[Stored entries]
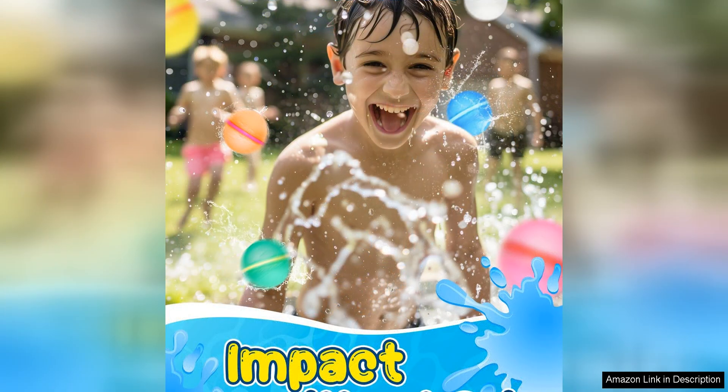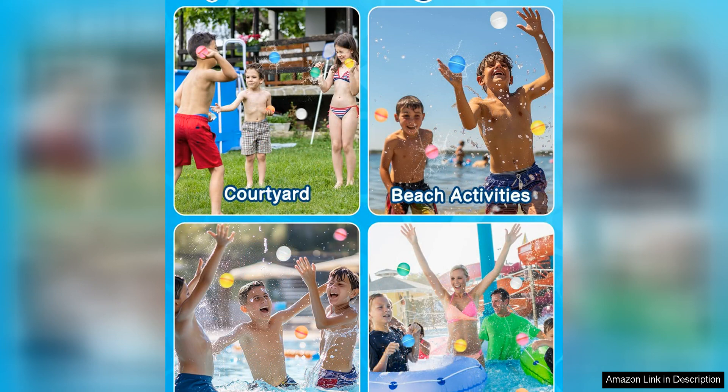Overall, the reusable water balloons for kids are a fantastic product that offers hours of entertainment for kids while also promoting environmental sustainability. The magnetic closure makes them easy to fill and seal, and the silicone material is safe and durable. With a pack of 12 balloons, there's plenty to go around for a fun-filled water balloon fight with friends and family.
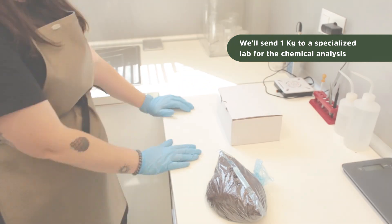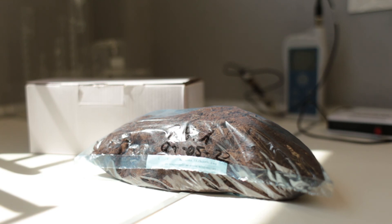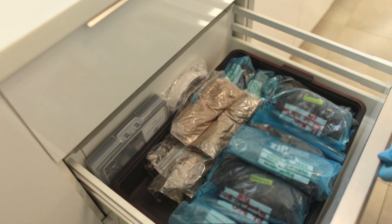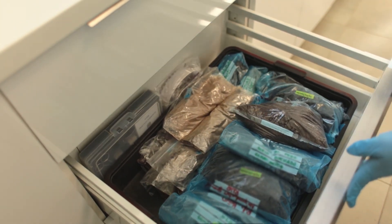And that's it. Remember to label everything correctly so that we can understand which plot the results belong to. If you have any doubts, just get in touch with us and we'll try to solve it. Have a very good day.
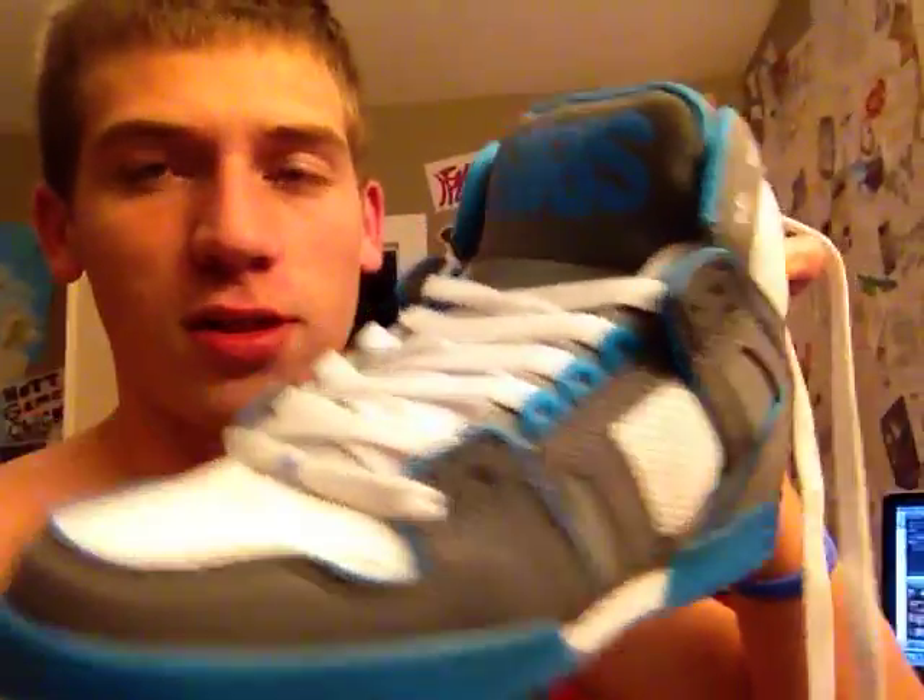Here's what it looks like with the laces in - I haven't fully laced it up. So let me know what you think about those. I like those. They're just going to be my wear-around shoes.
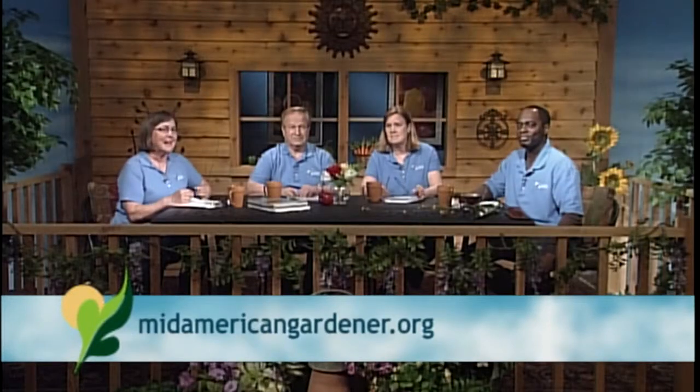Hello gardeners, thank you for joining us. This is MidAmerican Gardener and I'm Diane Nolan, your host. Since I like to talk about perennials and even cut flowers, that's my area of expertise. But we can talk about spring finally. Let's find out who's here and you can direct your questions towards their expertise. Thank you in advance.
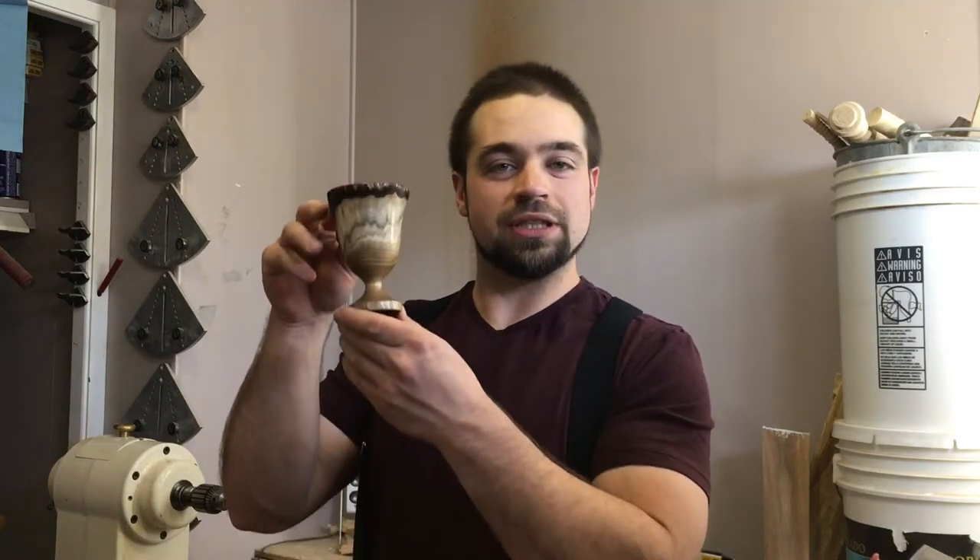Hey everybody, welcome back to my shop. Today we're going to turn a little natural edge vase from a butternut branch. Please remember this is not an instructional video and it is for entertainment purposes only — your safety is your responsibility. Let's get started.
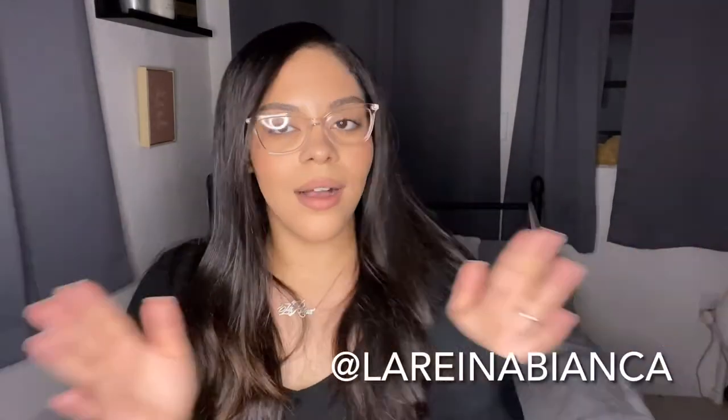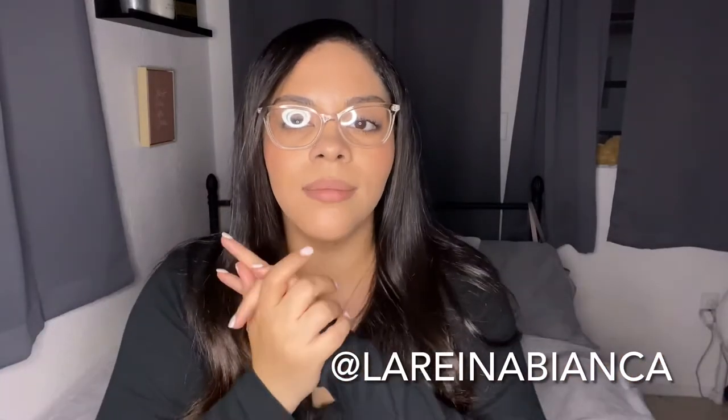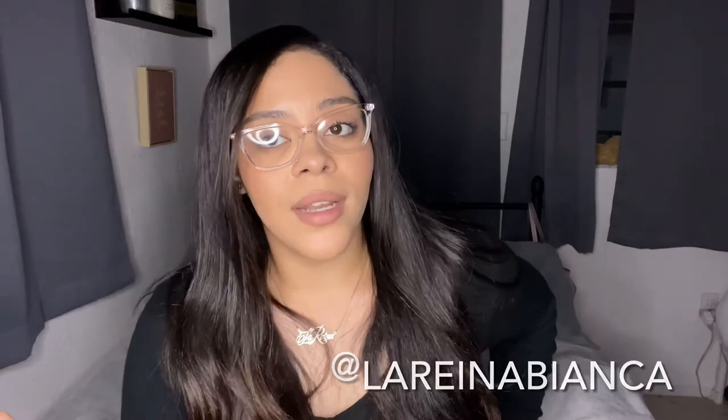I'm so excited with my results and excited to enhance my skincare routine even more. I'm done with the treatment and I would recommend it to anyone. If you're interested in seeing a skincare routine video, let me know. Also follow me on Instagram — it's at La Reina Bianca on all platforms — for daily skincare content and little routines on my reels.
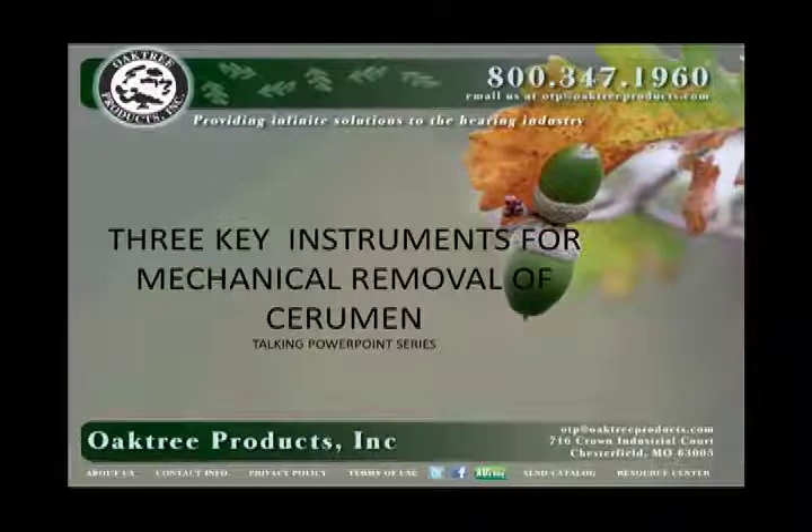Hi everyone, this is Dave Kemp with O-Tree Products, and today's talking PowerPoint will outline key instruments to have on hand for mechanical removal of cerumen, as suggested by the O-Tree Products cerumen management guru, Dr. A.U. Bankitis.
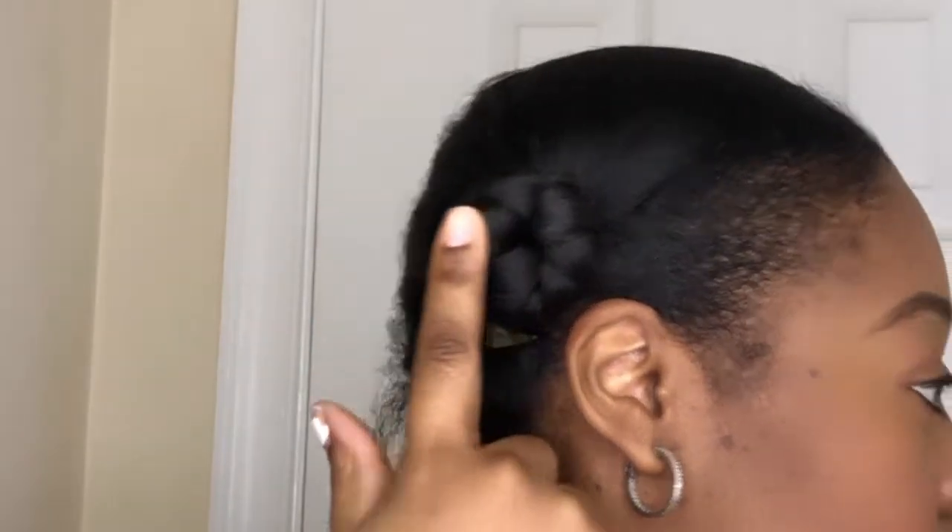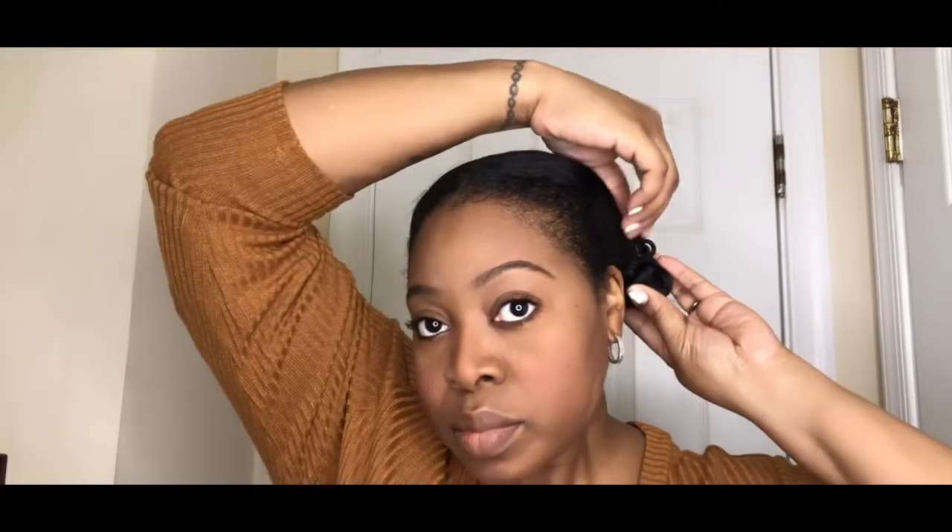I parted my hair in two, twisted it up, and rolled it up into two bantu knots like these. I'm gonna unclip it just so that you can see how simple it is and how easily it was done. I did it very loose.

**WHAT IS BEING ASKED**
Would you output the lines above from the line holding "And that's it." up to and including the line holding "Here's what it", exactly and only those, with no pictures?

**ANSWER SECTION**
And that's it. Remember to label everything correctly so that we can understand which plot the results belong to. If you have any doubts, just get in touch with us and we'll try to solve it. Have a very good day.
Here's what it looks like with the laces in - I haven't fully laced it up. So let me know what you think about those. I like those. They're just going to be my wear-around shoes.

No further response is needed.